Throwback Thursday #4 – IPCC's Pachauri says '2012 will be too late' to stop climate change

The U.N.’s top railroad engineer sexual harasser “climate scientist” said in 2007 we only had four years to save the world.

Rajendra Pachauri, the former head of the Intergovernmental Panel on Climate Change said this in 2007 in a New York Times article

pachauri-action

Source: http://www.nytimes.com/2007/11/18/world/europe/18iht-climate.2.8378031.html?_r=0

Well, it’s now August 2015, the world isn’t destroyed and no new U.N. climate treaty has been presented, though there’s a lot of hullaballo ramping up for the Paris COP21 meeting this coming December. The only thing that’s changed since Pachauri’s 2007 pronouncement is that Pachauri was forced to resign earlier this year amid accusations he sexually harassed multiple female coworkers.

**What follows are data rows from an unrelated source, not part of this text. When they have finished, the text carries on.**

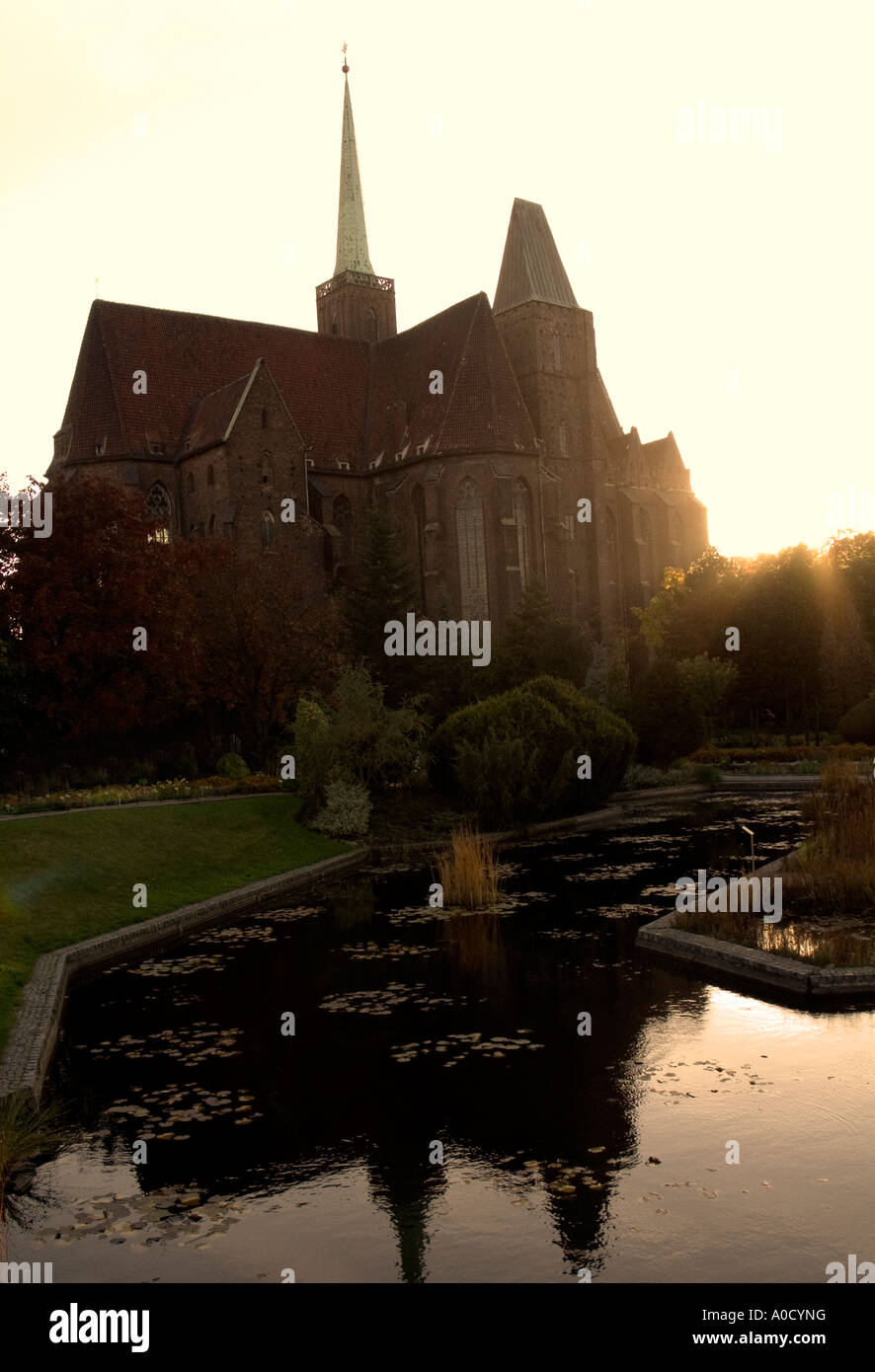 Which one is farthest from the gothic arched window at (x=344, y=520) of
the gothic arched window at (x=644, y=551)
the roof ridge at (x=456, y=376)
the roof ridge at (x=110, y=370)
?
the gothic arched window at (x=644, y=551)

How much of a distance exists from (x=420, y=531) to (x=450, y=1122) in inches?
2023

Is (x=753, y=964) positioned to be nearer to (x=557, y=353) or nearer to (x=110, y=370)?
(x=110, y=370)

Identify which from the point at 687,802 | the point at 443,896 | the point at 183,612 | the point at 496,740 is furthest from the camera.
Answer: the point at 687,802

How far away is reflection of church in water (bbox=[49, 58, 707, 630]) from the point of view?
175 feet

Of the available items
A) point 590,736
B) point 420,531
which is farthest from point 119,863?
point 420,531

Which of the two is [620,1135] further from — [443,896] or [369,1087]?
[443,896]

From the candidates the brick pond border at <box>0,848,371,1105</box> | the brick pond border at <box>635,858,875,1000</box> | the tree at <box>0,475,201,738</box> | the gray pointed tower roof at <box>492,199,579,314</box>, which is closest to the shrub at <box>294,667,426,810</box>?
the brick pond border at <box>0,848,371,1105</box>

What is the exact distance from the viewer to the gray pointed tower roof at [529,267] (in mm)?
63344

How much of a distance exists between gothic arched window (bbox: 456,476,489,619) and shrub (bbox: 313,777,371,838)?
29470mm

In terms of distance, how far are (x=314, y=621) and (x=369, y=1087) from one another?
28497 mm

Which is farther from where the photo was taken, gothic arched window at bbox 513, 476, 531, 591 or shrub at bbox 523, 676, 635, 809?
gothic arched window at bbox 513, 476, 531, 591

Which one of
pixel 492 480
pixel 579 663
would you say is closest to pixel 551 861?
pixel 579 663

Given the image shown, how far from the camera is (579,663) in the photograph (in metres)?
46.5

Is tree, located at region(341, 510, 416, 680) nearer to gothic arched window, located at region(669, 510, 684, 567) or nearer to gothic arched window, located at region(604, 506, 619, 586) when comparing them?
gothic arched window, located at region(604, 506, 619, 586)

And let’s not forget his smutty romance novel:

 

 


Throwback Thursday” is a regular WUWT feature highlighting past claims of climate doom made by scientists, pundits, and alarmist activists…that have not come true. It’s a bit of a take off from the “Throwback Thursday” on Facebook, where people post old pictures from their past, except here, it’s not just the age, it’s the fact that these lousy predictions really do deserve to be “thrown back” into the faces of the people that made them.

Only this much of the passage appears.